Note: Arch by itself is not included in this round up because I never installed it but obviously Antergos/Manjaro benefit from it. I have tried Ubuntu, Mint, Fedora, Manjaro, Antergos, Skylinux, Opensuse (superficially some time ago), Kali and Debian (very superficially)
Requirements/limitations: I have one intel I7 6700K/Nvidia GTX1060 laptop (Clevo based P750DM2 from Metabox) and multiple AMD Ryzen 1st/2nd generation desktops but my main one is an AMD Ryzen 2600X/X370/Nvidia GTX1060. Some PCs are in in dual boot with Win10. I do not have any Mac so in this regard I will be passing on what an IT professional owning some has told me. I use Cinnamon. I want updated software and a large software base installed because I am looking at doing some (web) development. I would say I have an average knowledge of Linux.
1. Hardware compatibility
(Mac?) > Windows > Antergos=Manjaro > or = to every other distros.
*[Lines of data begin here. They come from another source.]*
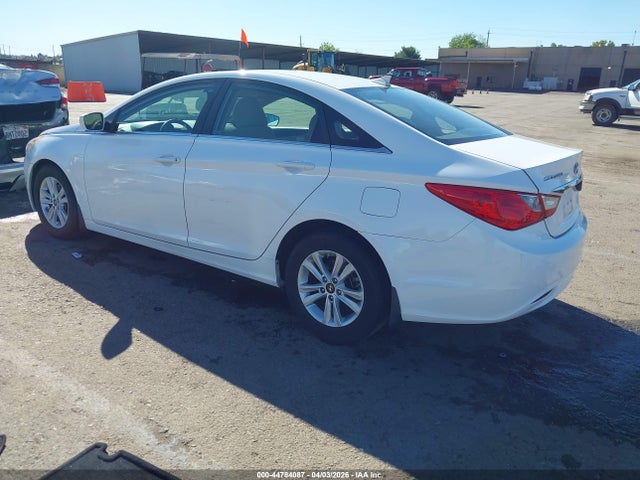 2012 HYUNDAI SONATA 5NPEB4AC3CH480350 Photo 2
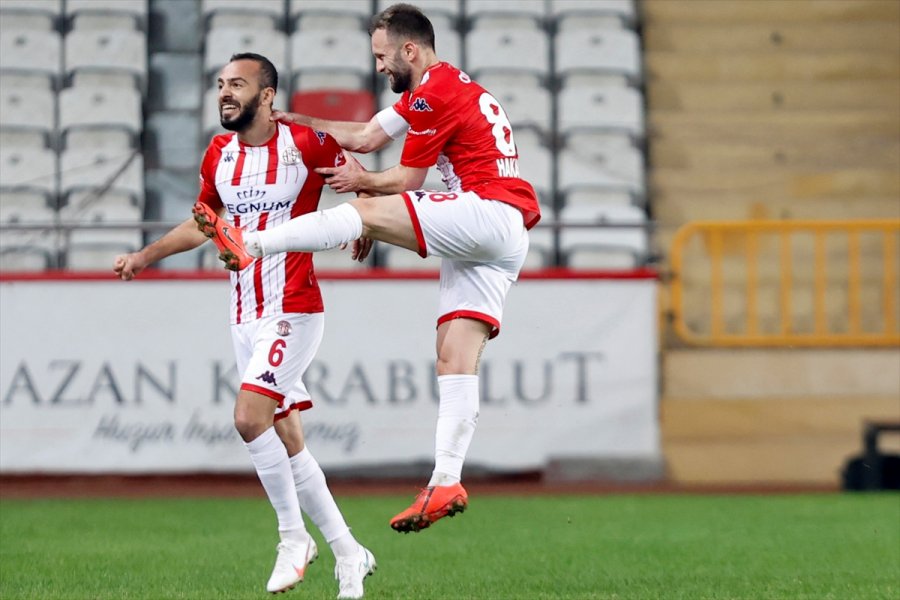 Antalya Ekibi 3 Golle 3 Puanı Aldı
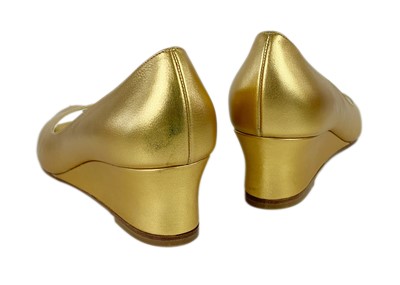 Lot 330 - A selection of Salvatore Ferragamo and Bruno Magli shoes.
Mac being a closed hardware/software system leads the pack, period. Windows does quite well as it has the widest users base making harware manufacturers worth their investment in drivers but maybe because of something like the law of diminishing returns it has not been getting better in this area as opposed to Linux distros which have made a huge progress in getting workable device drivers for the past 2 to 4 years. There is this special issue with video drivers and linux (open vs proprietary ones) that can make installers/linux distro (e.g. Fedora, Unbuntu, debian etc…) unstable/freezing/crashing or unable to wake up from suspend/hibernation states etc…, in my case i need(ed) proprietay Nvidia drivers to make it work, Antergos/Manjaro do this very well out of the box. Some linux gurus are going to straight away argue that this not a distro issue but a kernel one and this is generally true but i have tried debian and RedHat derivatives using the same kernel and having different issues because of how the installer is scripted.
2. Installer stability
(Mac?) > Manjaro> Windows = most linux distros > Antergos.
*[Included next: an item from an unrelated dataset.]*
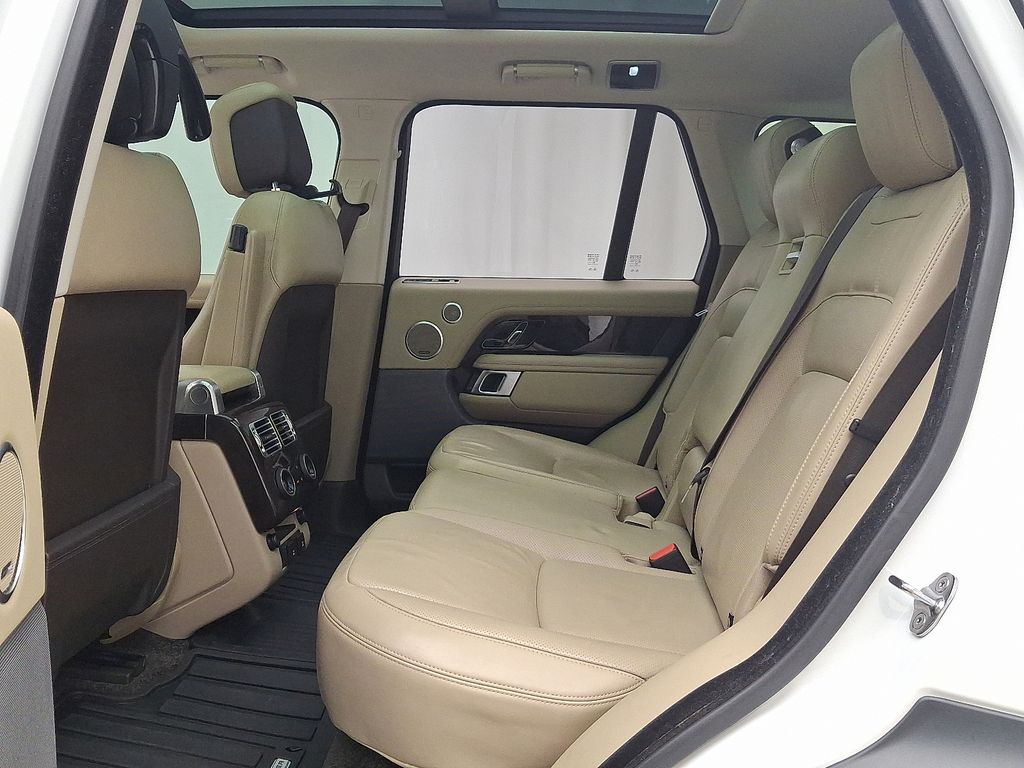 Thumbnail: 2019 Land Rover Range Rover - 10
Sorry guys, I am yet to find a Linux installer software crashing randomly that ofen, not to mention I had to burn a DVD to install Antergos on my Laptop because it could not enumerate the USB ports. I know it is in Beta version and you get warned beforehand but potential users need to know this and that is somehow the type of comment you can find online. Some debugging may be needed with Antergos installer but what it installs it does it well except ZFS.
3. Installer options/ease of use (free vs proprietary video drivers, packages repositories, pre-installed applications, choice of LTS Kernel, disk partitioning, and formatting, Grub location etc…)
Antergos>Manjaro>most other Linux distros>>Windows>(?Mac)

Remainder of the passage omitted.